◆ What is expected:
Give back the full material exactly. Omit no line.

◆ Source data:
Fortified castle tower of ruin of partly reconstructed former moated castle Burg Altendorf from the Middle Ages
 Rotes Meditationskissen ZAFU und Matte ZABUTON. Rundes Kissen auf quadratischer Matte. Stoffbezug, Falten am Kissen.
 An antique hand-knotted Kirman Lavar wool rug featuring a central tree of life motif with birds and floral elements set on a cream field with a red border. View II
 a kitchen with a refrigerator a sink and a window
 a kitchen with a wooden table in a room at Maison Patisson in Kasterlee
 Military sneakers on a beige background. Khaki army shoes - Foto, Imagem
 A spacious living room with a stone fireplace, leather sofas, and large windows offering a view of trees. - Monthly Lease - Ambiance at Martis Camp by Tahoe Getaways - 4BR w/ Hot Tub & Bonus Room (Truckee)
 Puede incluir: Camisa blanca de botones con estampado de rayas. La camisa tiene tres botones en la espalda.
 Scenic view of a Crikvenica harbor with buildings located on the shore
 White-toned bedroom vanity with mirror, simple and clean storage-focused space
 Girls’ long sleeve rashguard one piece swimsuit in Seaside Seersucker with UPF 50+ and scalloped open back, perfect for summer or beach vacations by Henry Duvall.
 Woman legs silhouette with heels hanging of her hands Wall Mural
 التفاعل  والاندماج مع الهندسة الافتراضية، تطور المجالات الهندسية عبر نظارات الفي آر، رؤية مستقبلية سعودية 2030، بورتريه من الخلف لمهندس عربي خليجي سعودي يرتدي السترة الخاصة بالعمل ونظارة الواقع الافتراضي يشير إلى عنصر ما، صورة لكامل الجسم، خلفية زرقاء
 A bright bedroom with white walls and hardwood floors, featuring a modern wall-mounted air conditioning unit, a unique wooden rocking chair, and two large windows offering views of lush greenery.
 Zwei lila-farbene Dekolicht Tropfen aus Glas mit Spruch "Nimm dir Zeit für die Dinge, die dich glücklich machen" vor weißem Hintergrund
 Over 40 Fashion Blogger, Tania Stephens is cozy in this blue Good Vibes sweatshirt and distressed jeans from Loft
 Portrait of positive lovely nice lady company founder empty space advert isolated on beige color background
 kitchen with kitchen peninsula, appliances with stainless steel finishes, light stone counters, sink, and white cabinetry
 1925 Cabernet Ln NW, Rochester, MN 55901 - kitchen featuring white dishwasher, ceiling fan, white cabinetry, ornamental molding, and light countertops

◆ Solution for this problem:
Fortified castle tower of ruin of partly reconstructed former moated castle Burg Altendorf from the Middle Ages
 Rotes Meditationskissen ZAFU und Matte ZABUTON. Rundes Kissen auf quadratischer Matte. Stoffbezug, Falten am Kissen.
 An antique hand-knotted Kirman Lavar wool rug featuring a central tree of life motif with birds and floral elements set on a cream field with a red border. View II
 a kitchen with a refrigerator a sink and a window
 a kitchen with a wooden table in a room at Maison Patisson in Kasterlee
 Military sneakers on a beige background. Khaki army shoes - Foto, Imagem
 A spacious living room with a stone fireplace, leather sofas, and large windows offering a view of trees. - Monthly Lease - Ambiance at Martis Camp by Tahoe Getaways - 4BR w/ Hot Tub & Bonus Room (Truckee)
 Puede incluir: Camisa blanca de botones con estampado de rayas. La camisa tiene tres botones en la espalda.
 Scenic view of a Crikvenica harbor with buildings located on the shore
 White-toned bedroom vanity with mirror, simple and clean storage-focused space
 Girls’ long sleeve rashguard one piece swimsuit in Seaside Seersucker with UPF 50+ and scalloped open back, perfect for summer or beach vacations by Henry Duvall.
 Woman legs silhouette with heels hanging of her hands Wall Mural
 التفاعل  والاندماج مع الهندسة الافتراضية، تطور المجالات الهندسية عبر نظارات الفي آر، رؤية مستقبلية سعودية 2030، بورتريه من الخلف لمهندس عربي خليجي سعودي يرتدي السترة الخاصة بالعمل ونظارة الواقع الافتراضي يشير إلى عنصر ما، صورة لكامل الجسم، خلفية زرقاء
 A bright bedroom with white walls and hardwood floors, featuring a modern wall-mounted air conditioning unit, a unique wooden rocking chair, and two large windows offering views of lush greenery.
 Zwei lila-farbene Dekolicht Tropfen aus Glas mit Spruch "Nimm dir Zeit für die Dinge, die dich glücklich machen" vor weißem Hintergrund
 Over 40 Fashion Blogger, Tania Stephens is cozy in this blue Good Vibes sweatshirt and distressed jeans from Loft
 Portrait of positive lovely nice lady company founder empty space advert isolated on beige color background
 kitchen with kitchen peninsula, appliances with stainless steel finishes, light stone counters, sink, and white cabinetry
 1925 Cabernet Ln NW, Rochester, MN 55901 - kitchen featuring white dishwasher, ceiling fan, white cabinetry, ornamental molding, and light countertops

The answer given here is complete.